How does the court know if I would have been able to find work in the past if not for my injuries? How do family and other competing factors influence my claim? What other factors in my life will the court look at to determine if I would have worked?
In the November 25, 2015 judgment of Touran v. Charette 2015 BCSC 2165 (http://www.courts.gov.bc.ca/jdb-txt/sc/15/21/2015BCSC2165.htm) Mr. Justice Joyce had to determine if there was a real and substantial possibility that the plaintiff would have worked; had the crash not occurred. The plaintiff had very little pre – crash work history, a son with mental health and drug problems, another son who was injured and she cared for at her home and a daughter, a single parent, who lived with her from time to time. The defendant argued that the plaintiff’s busy schedule, coupled with her lack of education and job skills make it unlikely that she would have entered the workforce, regardless of the crash. Mr. Justice Joyce considered the circumstances of the plaintiff’s family as a whole, and made an award for past loss of income earning capacity at $50,000.00.

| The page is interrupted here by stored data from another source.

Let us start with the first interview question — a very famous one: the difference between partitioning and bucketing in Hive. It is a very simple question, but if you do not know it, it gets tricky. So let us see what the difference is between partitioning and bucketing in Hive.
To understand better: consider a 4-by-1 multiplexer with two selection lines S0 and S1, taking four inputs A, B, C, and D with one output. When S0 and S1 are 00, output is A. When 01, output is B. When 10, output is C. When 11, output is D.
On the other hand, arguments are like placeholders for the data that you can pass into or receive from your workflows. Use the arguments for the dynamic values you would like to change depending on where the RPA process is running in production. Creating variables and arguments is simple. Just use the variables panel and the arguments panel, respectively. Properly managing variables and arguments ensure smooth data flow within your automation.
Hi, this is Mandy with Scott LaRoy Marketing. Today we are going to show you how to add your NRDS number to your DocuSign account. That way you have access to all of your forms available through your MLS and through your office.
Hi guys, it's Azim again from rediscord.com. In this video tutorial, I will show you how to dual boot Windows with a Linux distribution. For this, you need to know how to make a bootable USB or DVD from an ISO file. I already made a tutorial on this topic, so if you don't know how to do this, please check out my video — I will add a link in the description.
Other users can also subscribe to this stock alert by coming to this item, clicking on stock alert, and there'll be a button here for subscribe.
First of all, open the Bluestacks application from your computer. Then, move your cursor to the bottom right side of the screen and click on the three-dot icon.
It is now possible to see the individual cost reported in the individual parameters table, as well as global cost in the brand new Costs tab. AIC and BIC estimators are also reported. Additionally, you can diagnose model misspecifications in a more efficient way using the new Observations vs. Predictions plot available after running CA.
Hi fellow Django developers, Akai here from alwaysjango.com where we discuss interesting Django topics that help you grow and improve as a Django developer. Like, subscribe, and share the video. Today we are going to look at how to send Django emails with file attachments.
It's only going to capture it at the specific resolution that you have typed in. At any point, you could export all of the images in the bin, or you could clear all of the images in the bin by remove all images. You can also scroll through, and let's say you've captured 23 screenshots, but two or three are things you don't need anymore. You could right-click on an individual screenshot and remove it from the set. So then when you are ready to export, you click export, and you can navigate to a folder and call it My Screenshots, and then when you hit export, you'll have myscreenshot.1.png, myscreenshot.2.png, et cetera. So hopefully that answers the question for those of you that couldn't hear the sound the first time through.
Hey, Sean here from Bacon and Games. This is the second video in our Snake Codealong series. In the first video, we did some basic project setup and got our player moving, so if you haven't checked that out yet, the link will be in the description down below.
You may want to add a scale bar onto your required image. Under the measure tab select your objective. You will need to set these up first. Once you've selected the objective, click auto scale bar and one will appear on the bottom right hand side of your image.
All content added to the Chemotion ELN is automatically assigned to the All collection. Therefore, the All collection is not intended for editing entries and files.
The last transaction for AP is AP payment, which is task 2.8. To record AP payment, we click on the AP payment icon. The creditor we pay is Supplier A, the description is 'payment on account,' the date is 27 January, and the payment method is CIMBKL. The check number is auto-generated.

 The plaintiff has limited education and has acquired few marketable skills in the kind of work that she did engage in prior to the motor vehicle Accident. It would not have been easy for her, with these limitations and at her age, to compete in the job market for the kinds of positions that would have been available.
 On the other hand, her husband was pressing her to find work before the Accident, in order to contribute to the family income. I believe that there is a real and substantial possibility that the plaintiff would have found work; although I also think it is likely that the work that she would have found would have been at the lower end of the range suggested by Mr. Carlin. I am also of the view that there is a very good chance that the plaintiff would not have been able to maintain full-time employment given her dedication to her children and the demands that they placed on her time. Employment for the plaintiff was something that would have helped ease the financial burden on the family, but was not a necessity for the plaintiff. She and her husband were doing alright with his income from the computer store. In my assessment of the plaintiff, she would put her children and grandchild, and their needs, ahead of an increased family income.
 Taking into account these negative contingencies and taking into account, as well, my assessment that the plaintiff has had the capacity to look for and undertake some part-time employment of a sedentary nature but has not done so, I assess the plaintiff’s loss earning capacity as a result of the motor vehicle Accident at $50,000.